* Problem
Every line of the following records that includes "Toyota" should be copied.

* Exercise input

++++++++++

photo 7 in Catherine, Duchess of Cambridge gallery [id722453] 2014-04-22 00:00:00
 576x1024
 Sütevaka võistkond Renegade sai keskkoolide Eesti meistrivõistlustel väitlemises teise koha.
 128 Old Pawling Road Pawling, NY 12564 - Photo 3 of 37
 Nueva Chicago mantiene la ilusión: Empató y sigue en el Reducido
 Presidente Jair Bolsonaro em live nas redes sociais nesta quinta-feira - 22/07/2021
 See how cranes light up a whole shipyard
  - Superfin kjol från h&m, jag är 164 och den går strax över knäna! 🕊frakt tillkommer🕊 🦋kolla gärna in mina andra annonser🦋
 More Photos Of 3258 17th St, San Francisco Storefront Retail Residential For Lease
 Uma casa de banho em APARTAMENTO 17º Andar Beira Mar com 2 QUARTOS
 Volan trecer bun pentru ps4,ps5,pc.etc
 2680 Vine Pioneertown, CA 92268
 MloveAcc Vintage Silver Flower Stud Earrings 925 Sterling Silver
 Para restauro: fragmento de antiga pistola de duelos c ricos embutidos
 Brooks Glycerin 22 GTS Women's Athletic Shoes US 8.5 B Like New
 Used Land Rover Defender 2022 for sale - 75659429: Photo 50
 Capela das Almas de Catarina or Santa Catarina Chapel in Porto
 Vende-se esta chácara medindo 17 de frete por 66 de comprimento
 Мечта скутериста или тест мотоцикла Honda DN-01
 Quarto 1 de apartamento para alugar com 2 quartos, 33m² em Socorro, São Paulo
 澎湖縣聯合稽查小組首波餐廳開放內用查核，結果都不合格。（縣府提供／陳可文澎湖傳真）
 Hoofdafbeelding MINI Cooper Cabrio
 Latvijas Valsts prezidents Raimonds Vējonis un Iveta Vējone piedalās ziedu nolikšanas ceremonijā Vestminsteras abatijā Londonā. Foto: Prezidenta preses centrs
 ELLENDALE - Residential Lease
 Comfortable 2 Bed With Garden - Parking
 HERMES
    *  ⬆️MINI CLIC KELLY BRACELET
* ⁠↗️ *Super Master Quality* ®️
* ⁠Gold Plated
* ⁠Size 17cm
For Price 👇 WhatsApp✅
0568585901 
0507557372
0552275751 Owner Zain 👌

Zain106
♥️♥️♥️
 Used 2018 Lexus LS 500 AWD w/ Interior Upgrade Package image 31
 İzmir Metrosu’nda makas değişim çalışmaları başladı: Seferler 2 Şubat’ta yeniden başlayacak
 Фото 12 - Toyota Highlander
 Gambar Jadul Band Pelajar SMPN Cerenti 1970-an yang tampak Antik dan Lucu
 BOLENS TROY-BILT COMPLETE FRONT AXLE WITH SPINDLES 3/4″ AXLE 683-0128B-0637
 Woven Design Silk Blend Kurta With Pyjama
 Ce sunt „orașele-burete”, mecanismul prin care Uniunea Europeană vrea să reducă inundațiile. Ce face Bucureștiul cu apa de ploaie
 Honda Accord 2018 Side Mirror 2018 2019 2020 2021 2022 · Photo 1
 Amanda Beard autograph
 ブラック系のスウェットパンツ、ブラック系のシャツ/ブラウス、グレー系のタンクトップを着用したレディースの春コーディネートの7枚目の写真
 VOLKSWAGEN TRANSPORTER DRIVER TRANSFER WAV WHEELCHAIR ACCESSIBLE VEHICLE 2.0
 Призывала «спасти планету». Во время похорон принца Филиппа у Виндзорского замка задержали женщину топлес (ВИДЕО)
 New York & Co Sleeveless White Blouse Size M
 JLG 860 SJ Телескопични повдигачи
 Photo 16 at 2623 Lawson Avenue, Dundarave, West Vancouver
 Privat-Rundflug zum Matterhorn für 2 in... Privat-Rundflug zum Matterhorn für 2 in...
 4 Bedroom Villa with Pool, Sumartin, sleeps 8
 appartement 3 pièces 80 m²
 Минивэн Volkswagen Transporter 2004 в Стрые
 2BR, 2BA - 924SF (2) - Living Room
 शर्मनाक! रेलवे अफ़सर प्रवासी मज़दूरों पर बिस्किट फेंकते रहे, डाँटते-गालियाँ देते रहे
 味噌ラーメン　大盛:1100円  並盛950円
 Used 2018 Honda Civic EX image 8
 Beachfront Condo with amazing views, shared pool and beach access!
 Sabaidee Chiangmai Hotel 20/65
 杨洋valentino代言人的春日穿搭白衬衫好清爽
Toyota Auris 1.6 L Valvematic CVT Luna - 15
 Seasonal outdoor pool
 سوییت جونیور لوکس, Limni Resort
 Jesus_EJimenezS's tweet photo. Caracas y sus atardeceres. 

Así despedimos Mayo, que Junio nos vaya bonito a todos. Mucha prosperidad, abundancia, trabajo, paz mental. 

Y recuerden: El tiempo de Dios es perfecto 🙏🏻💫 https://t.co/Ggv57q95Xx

++++++++++

* The answer
 Фото 12 - Toyota Highlander
Toyota Auris 1.6 L Valvematic CVT Luna - 15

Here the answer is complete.